## Material provided
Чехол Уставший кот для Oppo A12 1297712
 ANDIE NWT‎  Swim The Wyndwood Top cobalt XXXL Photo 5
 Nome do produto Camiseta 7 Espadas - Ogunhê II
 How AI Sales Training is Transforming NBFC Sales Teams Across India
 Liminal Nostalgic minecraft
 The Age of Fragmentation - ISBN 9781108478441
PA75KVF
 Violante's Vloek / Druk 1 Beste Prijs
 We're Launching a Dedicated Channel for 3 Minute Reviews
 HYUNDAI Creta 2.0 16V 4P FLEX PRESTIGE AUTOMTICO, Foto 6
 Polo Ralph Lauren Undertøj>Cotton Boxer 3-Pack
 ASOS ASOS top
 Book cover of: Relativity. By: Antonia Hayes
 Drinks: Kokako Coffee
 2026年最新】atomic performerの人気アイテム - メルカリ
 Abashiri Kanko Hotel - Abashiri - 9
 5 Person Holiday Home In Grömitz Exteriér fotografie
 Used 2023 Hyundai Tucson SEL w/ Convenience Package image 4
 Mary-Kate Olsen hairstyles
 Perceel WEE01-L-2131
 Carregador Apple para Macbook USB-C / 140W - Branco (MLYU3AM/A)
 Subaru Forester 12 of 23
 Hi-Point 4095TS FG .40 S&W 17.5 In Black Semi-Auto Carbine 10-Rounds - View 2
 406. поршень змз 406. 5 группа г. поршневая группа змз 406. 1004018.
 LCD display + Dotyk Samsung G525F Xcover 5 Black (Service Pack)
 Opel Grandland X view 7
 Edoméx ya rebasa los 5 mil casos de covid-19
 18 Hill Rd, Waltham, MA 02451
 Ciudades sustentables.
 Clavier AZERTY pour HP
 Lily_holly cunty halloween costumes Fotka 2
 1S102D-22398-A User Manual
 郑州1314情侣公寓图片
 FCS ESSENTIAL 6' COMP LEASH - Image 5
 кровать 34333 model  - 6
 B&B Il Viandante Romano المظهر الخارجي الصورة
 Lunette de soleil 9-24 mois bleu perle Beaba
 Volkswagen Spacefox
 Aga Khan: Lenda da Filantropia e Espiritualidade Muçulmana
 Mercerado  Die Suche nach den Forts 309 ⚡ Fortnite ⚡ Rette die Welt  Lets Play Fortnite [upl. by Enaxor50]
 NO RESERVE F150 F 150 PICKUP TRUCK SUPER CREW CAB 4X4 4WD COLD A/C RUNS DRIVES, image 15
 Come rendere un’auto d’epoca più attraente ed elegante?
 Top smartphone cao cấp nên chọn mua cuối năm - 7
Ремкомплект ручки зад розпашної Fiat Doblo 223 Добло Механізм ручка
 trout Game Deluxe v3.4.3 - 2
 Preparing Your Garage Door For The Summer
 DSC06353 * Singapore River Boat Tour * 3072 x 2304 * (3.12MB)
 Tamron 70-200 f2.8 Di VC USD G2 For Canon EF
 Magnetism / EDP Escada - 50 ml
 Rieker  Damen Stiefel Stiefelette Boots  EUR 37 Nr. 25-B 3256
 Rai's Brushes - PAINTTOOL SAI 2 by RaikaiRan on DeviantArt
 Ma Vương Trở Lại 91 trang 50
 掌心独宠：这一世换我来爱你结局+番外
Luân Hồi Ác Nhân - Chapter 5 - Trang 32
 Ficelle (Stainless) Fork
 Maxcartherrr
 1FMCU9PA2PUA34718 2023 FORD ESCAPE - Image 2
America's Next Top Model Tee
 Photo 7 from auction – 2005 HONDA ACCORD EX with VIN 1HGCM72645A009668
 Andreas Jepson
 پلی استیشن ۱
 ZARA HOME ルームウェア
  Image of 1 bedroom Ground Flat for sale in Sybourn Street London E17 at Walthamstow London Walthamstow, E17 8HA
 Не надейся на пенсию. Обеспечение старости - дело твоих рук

## Assigned task
Repeat exactly the lines from the one containing "Lily_holly cunty halloween costumes Fotka 2" to the end of the records.

## Written solution
 Lily_holly cunty halloween costumes Fotka 2
 1S102D-22398-A User Manual
 郑州1314情侣公寓图片
 FCS ESSENTIAL 6' COMP LEASH - Image 5
 кровать 34333 model  - 6
 B&B Il Viandante Romano المظهر الخارجي الصورة
 Lunette de soleil 9-24 mois bleu perle Beaba
 Volkswagen Spacefox
 Aga Khan: Lenda da Filantropia e Espiritualidade Muçulmana
 Mercerado  Die Suche nach den Forts 309 ⚡ Fortnite ⚡ Rette die Welt  Lets Play Fortnite [upl. by Enaxor50]
 NO RESERVE F150 F 150 PICKUP TRUCK SUPER CREW CAB 4X4 4WD COLD A/C RUNS DRIVES, image 15
 Come rendere un’auto d’epoca più attraente ed elegante?
 Top smartphone cao cấp nên chọn mua cuối năm - 7
Ремкомплект ручки зад розпашної Fiat Doblo 223 Добло Механізм ручка
 trout Game Deluxe v3.4.3 - 2
 Preparing Your Garage Door For The Summer
 DSC06353 * Singapore River Boat Tour * 3072 x 2304 * (3.12MB)
 Tamron 70-200 f2.8 Di VC USD G2 For Canon EF
 Magnetism / EDP Escada - 50 ml
 Rieker  Damen Stiefel Stiefelette Boots  EUR 37 Nr. 25-B 3256
 Rai's Brushes - PAINTTOOL SAI 2 by RaikaiRan on DeviantArt
 Ma Vương Trở Lại 91 trang 50
 掌心独宠：这一世换我来爱你结局+番外
Luân Hồi Ác Nhân - Chapter 5 - Trang 32
 Ficelle (Stainless) Fork
 Maxcartherrr
 1FMCU9PA2PUA34718 2023 FORD ESCAPE - Image 2
America's Next Top Model Tee
 Photo 7 from auction – 2005 HONDA ACCORD EX with VIN 1HGCM72645A009668
 Andreas Jepson
 پلی استیشن ۱
 ZARA HOME ルームウェア
  Image of 1 bedroom Ground Flat for sale in Sybourn Street London E17 at Walthamstow London Walthamstow, E17 8HA
 Не надейся на пенсию. Обеспечение старости - дело твоих рук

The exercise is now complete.